## Your goal
When a line of the entries contains "Unisex", please list that line.

## Material shown

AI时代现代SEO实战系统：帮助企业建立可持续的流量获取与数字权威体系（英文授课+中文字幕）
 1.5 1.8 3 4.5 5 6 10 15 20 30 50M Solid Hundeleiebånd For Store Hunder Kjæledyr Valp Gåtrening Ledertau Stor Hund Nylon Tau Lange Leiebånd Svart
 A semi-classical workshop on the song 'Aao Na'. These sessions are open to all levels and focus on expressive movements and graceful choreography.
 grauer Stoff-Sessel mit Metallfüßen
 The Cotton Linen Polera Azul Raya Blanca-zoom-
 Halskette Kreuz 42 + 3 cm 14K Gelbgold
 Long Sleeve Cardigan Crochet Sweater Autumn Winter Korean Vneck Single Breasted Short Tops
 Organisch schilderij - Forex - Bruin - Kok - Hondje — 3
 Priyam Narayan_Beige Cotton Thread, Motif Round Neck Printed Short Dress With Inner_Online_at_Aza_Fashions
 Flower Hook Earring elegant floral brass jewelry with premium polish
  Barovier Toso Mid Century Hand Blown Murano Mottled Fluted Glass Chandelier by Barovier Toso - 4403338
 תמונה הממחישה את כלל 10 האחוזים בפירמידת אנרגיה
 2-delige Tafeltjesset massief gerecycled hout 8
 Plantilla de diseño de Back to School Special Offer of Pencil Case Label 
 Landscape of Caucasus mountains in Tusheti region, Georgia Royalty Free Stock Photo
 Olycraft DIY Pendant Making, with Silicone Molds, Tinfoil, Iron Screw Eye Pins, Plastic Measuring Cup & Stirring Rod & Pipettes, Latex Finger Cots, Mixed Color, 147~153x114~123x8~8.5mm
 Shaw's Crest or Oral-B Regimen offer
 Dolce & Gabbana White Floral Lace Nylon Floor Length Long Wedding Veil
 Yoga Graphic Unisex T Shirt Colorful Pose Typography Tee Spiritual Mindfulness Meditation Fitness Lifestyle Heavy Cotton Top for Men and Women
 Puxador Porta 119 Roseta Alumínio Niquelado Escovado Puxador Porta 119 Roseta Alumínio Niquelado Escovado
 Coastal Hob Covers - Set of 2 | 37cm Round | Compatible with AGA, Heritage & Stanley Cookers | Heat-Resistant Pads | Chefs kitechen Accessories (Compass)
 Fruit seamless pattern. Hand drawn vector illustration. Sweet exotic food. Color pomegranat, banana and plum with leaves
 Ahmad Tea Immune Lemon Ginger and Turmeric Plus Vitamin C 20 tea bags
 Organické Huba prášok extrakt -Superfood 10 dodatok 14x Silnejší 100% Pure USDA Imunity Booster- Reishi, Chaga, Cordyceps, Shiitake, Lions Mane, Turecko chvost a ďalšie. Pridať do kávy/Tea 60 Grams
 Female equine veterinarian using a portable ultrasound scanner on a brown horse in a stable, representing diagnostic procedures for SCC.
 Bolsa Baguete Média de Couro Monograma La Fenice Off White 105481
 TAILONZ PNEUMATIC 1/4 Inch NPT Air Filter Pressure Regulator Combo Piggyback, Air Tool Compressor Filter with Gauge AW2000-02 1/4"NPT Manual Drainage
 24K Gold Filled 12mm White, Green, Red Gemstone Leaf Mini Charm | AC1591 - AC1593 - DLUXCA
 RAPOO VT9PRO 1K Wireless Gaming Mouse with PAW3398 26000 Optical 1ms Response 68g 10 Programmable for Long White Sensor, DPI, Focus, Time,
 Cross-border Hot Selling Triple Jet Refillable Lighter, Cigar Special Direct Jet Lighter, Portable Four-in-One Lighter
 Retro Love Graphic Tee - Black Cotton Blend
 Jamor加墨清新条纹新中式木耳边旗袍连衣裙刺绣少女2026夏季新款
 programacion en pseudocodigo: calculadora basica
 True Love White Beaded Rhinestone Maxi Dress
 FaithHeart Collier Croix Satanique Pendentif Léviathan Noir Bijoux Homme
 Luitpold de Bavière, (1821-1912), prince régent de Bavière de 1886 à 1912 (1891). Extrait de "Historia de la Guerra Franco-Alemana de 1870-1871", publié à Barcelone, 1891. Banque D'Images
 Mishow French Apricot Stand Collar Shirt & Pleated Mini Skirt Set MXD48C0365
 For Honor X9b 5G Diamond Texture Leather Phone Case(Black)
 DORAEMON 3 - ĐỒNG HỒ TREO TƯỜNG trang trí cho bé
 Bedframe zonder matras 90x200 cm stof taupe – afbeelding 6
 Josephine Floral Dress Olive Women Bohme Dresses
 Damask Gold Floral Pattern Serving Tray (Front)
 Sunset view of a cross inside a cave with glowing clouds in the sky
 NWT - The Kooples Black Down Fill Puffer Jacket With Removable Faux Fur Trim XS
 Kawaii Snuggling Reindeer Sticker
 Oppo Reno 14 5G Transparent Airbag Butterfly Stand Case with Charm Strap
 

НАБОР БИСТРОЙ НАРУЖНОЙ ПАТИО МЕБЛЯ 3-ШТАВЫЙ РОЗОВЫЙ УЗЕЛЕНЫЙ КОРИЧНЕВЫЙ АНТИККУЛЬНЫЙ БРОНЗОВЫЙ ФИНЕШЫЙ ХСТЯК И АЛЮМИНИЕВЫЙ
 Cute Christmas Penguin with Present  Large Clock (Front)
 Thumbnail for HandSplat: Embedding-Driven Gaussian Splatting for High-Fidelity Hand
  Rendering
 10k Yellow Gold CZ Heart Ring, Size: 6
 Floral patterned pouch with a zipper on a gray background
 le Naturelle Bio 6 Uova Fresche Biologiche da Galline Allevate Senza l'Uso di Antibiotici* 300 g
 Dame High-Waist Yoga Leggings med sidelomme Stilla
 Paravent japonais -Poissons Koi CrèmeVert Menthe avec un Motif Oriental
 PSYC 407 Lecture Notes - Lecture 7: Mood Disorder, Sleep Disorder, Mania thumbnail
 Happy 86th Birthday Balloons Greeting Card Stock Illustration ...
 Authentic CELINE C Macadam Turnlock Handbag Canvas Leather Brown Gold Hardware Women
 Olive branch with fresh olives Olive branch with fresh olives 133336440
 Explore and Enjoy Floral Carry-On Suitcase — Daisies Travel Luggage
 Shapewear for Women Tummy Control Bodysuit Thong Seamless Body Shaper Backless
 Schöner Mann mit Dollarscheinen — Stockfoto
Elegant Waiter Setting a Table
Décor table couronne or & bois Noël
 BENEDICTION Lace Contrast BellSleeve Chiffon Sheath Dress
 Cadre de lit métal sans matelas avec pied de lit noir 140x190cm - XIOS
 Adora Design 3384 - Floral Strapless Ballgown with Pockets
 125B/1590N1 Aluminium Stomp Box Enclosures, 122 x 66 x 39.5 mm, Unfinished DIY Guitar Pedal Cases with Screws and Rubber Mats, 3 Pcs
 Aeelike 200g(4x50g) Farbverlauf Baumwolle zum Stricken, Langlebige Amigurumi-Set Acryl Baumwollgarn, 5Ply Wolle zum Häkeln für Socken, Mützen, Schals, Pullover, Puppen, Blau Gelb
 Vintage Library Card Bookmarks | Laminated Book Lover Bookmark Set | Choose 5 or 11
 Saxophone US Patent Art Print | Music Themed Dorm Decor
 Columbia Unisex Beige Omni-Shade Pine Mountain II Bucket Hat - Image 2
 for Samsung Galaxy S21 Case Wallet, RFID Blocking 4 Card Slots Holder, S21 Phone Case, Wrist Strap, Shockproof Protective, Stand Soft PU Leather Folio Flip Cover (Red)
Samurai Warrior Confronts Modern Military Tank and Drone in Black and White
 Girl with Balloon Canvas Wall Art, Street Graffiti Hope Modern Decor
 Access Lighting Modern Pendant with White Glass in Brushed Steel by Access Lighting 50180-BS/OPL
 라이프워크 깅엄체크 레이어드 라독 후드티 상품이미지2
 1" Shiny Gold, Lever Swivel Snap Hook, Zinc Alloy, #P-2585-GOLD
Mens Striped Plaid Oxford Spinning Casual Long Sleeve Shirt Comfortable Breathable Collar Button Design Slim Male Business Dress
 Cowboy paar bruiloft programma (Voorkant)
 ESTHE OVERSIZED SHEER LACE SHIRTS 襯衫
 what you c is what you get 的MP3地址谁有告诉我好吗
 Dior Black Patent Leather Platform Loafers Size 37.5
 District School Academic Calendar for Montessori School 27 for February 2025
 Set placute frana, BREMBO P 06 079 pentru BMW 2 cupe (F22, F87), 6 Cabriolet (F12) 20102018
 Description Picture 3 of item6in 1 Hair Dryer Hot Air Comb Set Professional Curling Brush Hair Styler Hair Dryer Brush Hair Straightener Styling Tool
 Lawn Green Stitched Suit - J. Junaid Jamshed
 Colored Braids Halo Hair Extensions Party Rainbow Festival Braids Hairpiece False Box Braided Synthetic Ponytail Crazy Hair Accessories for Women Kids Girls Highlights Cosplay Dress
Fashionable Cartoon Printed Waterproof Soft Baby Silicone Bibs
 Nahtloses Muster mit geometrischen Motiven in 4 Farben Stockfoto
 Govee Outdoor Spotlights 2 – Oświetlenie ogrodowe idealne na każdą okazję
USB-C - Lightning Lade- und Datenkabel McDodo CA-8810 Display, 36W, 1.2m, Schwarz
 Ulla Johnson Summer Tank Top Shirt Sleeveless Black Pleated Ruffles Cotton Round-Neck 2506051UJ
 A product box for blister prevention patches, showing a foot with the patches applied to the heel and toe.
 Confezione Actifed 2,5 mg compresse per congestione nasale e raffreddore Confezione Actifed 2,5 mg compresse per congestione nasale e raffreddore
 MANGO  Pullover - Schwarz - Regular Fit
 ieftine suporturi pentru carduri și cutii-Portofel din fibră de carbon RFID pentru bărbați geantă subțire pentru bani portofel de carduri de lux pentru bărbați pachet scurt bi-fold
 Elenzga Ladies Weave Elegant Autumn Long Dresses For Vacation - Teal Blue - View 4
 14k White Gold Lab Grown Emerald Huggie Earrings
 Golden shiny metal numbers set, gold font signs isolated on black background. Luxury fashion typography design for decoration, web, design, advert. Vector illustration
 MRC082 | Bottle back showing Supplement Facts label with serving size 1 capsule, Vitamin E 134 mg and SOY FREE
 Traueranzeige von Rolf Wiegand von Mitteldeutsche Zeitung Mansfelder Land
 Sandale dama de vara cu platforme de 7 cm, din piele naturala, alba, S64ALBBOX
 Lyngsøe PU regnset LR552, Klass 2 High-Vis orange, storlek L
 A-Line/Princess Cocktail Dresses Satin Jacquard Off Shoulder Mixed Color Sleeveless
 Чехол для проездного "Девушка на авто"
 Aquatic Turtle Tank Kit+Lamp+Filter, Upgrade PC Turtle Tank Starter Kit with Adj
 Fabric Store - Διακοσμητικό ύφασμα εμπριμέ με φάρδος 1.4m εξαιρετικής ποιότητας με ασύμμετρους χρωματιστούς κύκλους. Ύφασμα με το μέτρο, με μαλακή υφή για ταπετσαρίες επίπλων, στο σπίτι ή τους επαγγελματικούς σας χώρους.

## Answer to this exercise
 Yoga Graphic Unisex T Shirt Colorful Pose Typography Tee Spiritual Mindfulness Meditation Fitness Lifestyle Heavy Cotton Top for Men and Women
 Columbia Unisex Beige Omni-Shade Pine Mountain II Bucket Hat - Image 2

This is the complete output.